In Book 4, Thoas kills a Thracian, but is unable to strip him of his armor, being driven back by several of the dead warrior's comrades. in Book 7, he is one of the nine Greek warriors, who, after being rebuked by Nestor, finally volunteer to fight Hector in single combat. In Book 13, Poseidon, going among the Greeks urging them to fight on, goes first to Teucer, then to Leitus, Peneleos, Thoas, Deïpyrus, Meriones, and Antilochus, and later in the same Book, with the Greeks desperately battling to save their ships, Poseidon, under the guise of Thoas, asks the Greek hero Idomeneus: Where have all our proud Greek threats against the Trojans gone? And Idomenes responds, that Zeus must wish for all our deaths, far from home and unremembered, but:
Thoas, seeing that aforetime thou wast ever staunch in fight, and dost also urge on another, wheresoever thou seest one shrinking from fight, therefore now cease thou not, but call to every man.

His only speech occurs in Book 15 where the Greeks, having seen Hector miraculously reappear on the battlefield, are "seized with fear". But Thoas, addressing the Greeks, says:
"Now look you, verily a great marvel is this that mine eyes behold, how that now he is risen again and hath avoided the fates, even Hector. In sooth the heart of each man of us hoped that he had died beneath the hands of Aias, son of Telamon. But lo, some one of the gods hath again delivered and saved Hector, who verily hath loosed the knees of many Danaans, as, I deem, will befall even now, since not without the will of loud-thundering Zeus doth he stand forth thus eagerly as a champion.
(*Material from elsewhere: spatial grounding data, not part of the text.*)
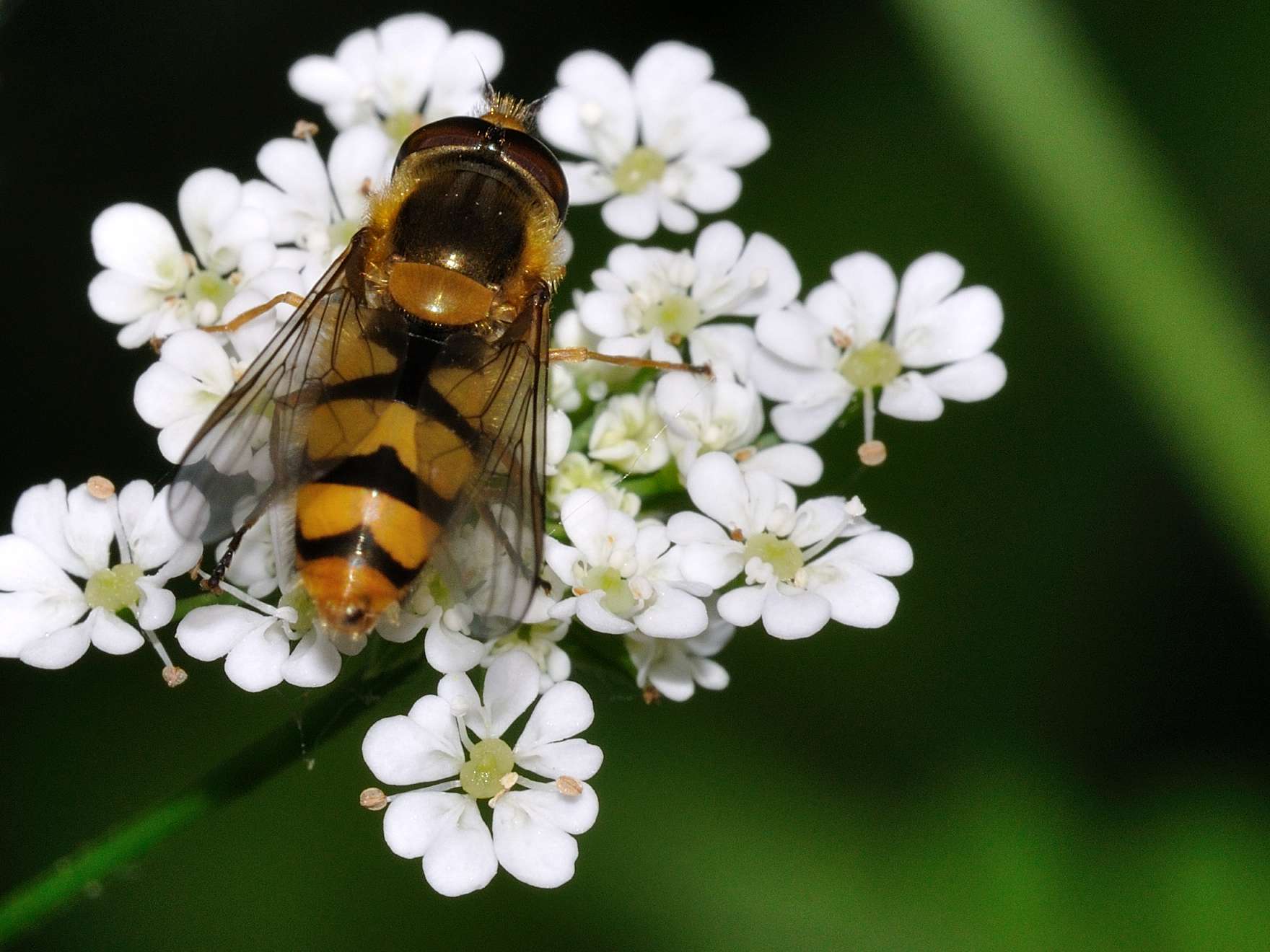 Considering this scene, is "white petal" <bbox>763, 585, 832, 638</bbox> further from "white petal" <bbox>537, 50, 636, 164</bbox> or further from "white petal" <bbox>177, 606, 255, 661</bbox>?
"white petal" <bbox>537, 50, 636, 164</bbox>

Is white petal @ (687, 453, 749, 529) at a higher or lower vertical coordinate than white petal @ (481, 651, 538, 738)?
higher

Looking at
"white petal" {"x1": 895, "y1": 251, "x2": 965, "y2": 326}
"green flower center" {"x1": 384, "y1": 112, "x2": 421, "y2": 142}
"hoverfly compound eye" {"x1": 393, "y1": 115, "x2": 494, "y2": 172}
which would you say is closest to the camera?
"hoverfly compound eye" {"x1": 393, "y1": 115, "x2": 494, "y2": 172}

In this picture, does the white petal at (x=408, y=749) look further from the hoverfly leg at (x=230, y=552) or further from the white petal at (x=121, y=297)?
the white petal at (x=121, y=297)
Nay come, even as I shall bid, let us all obey. The multitude let us bid return to the ships, but ourselves, all we that declare us to be the best in the host, let us take our stand, if so be we first may face him, and thrust him back with our outstretched spears; methinks, for all his eagerness he will fear at heart to enter into the throng of the Danaans."
And finally, in Book 19, Thoas is one of the small delegations of Greeks who Odysseus took with him to the tent of Agamemnon, to bring back the many gifts Agamemnon had pledged to give Achilles, in reparation for his taking Briseis.

===Other sources===
After the Iliad in the Posthomerica, Thoas appears regularly throughout. In Book 4, he participated in the chariot race during the funeral games of Achilles, in which he came third after Menelaus and Sthenelus. In Book 6, after originally fleeing from Eurypylus, son of Telephus, he along with Teucer, Idomeneus, Meriones, and Thrasymedes, son of Nestor, go and save Agamemnon and Menelaus from being slain. In the process Thoas with his spear wounded Paris, the cause of the war, on the right thigh, after Eurypylus had killed his friend Echemmon. In Book 11, he killed Lamus and Lyncus. In Book 12, he is mentioned as one of the men inside the Trojan Horse.
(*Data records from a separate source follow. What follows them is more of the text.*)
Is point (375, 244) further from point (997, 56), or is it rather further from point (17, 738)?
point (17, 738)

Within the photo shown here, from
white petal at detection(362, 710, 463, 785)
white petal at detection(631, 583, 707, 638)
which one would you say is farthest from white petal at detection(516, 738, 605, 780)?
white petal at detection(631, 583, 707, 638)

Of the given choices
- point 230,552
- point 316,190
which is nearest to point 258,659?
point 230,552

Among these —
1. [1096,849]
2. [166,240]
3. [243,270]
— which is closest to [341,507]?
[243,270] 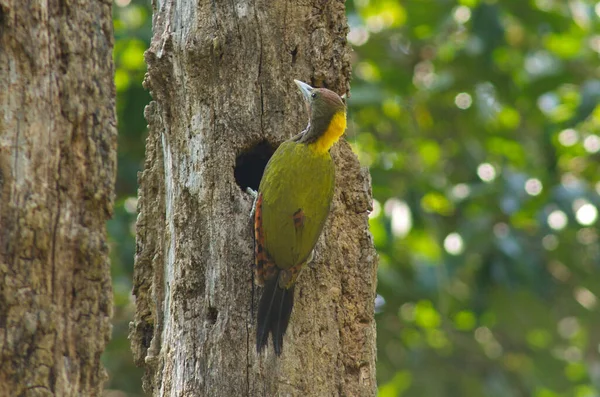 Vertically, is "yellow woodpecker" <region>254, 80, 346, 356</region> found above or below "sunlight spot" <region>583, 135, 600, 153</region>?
below

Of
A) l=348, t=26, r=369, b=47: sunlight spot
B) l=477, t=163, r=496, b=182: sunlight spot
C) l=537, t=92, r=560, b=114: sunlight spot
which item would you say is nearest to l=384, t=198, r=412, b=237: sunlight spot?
l=477, t=163, r=496, b=182: sunlight spot

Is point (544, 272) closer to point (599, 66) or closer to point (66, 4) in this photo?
point (599, 66)

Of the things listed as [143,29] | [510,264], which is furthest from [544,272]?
[143,29]

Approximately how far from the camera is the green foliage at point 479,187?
7.83 meters

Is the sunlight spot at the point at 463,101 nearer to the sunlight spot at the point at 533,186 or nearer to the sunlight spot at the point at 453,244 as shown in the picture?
the sunlight spot at the point at 533,186

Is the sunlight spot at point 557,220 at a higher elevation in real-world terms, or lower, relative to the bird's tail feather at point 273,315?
higher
Two other events concerning Thoas's involvement in the Trojan War, occurred after the events covered in the Iliad, and are given in other later sources. In the Little Iliad, a poem in the Trojan War Cycle covering the war from the death of Achilles, to the building of the Wooden Horse, Thoas wounds Odysseus, so as to make him unrecognizable on a spy mission inside Troy. Several late sources name Thoas as was one of the Greek warriors who were hidden inside the Wooden Horse.

Thoas is also mentioned in the Odyssey, in a war story told by Odysseus.

===After the war===
Thoas was one of the few Greek leaders to return from the war unharmed. According to some accounts he returned to Aetolia where, presumably, he resumed his rule, while according to others Thoas settled in Italy, in the land of the Brutti.

Local tradition associated Thoas with the Greek city of Amphissa, the main city of Western Locris. The geographer Pausanias reports seeing a tomb at Amphissa, which was said to be the tomb of Thoas' parents Andraemon and Gorge, and a bronze statue of Athena in her temple on the acropolis of Amphissa, that was said to have been brought back from Troy by Thoas as a spoil of war. Apollodorus reports that according to some, after Odysseus was exiled from Ithaca in punishment for his killing the suitors of Penelope, he sought refuge with Thoas in Aetolia. There he married Thoas' daughter, had a son Leontophonus with her, and died of old age.